What if this “picture” includes not just the stars and galaxies but the very constants of physics? What if c is the velocity at which divine intention unfolds in our perceptual field?
Sri Aurobindo, who mapped the evolution of consciousness across epochs and lifetimes, once wrote:
“Matter is the last stage of the involution of the Spirit; it is Spirit become dense.”
I can’t help but wonder—if Spirit can become dense enough to become matter, can it also express itself in the form of light’s constant speed through space? Perhaps it’s not a speed at all, but a rhythm—a pulse of divine awareness as it moves through its own dream.
Ramana Maharshi didn’t talk in terms of physics, yet he gave us the simplest formula of all:
“There is neither creation nor destruction, neither destiny nor free will, neither path nor achievement. This is the final truth.”
What could be more aligned with the radical implications of quantum reality? That causality and time might not be what they seem, and that we are not just travelers in spacetime, but participants in its ongoing creation.
Even Lalleshwari, the Kashmiri mystic poetess, whose love for the Beloved was cosmic, would recognize the symmetry in all this. She once wrote:
“Shiva pervades everything. Where is then my body, where my mind, where my self?”
This is not far from what modern physicists mean when they say that space, time, and particles emerge from a unified field or informational substrate. The language differs, but the insight echoes.
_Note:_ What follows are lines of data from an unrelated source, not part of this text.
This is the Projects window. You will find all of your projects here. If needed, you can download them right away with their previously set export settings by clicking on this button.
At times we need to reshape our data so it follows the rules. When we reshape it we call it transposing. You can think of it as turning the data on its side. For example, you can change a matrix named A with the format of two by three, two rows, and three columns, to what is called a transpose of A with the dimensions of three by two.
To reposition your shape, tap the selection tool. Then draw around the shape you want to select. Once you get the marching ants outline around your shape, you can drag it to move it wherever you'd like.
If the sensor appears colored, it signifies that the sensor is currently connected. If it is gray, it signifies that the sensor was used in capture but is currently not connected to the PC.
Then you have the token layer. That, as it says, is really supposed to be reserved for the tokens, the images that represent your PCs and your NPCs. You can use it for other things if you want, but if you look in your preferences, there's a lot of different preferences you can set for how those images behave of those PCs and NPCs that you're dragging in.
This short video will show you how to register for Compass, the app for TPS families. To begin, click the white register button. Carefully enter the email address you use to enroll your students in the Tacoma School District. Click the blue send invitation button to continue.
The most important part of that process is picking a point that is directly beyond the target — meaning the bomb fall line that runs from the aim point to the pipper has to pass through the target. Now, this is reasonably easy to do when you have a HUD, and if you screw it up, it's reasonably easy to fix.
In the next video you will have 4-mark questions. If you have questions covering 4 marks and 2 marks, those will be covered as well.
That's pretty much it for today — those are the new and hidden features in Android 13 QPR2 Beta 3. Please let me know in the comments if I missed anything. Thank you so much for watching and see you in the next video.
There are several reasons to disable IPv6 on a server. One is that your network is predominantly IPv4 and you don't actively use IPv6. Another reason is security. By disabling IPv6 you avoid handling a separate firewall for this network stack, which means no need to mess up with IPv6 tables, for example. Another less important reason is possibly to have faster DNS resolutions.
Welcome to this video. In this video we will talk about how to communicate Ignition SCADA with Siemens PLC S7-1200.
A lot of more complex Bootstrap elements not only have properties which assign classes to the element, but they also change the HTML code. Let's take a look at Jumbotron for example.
So no—Quantum Gravity Research has not yet derived the exact value of the speed of light. But perhaps that’s not the point. What they are doing is pointing toward a truth many sages have whispered: what we call physical reality may be an emergent phenomenon within a vast, intelligent field of awareness. To me, that is not science fiction. It is spiritual memory.
Are you also sensing that science is catching up with the ancient truths of mysticism?
Let’s explore this together. I invite you to join me on this journey of integration—of matter and spirit, logic and love, structure and silence. Let’s dare to believe that light has a source beyond the physical—and that we are it.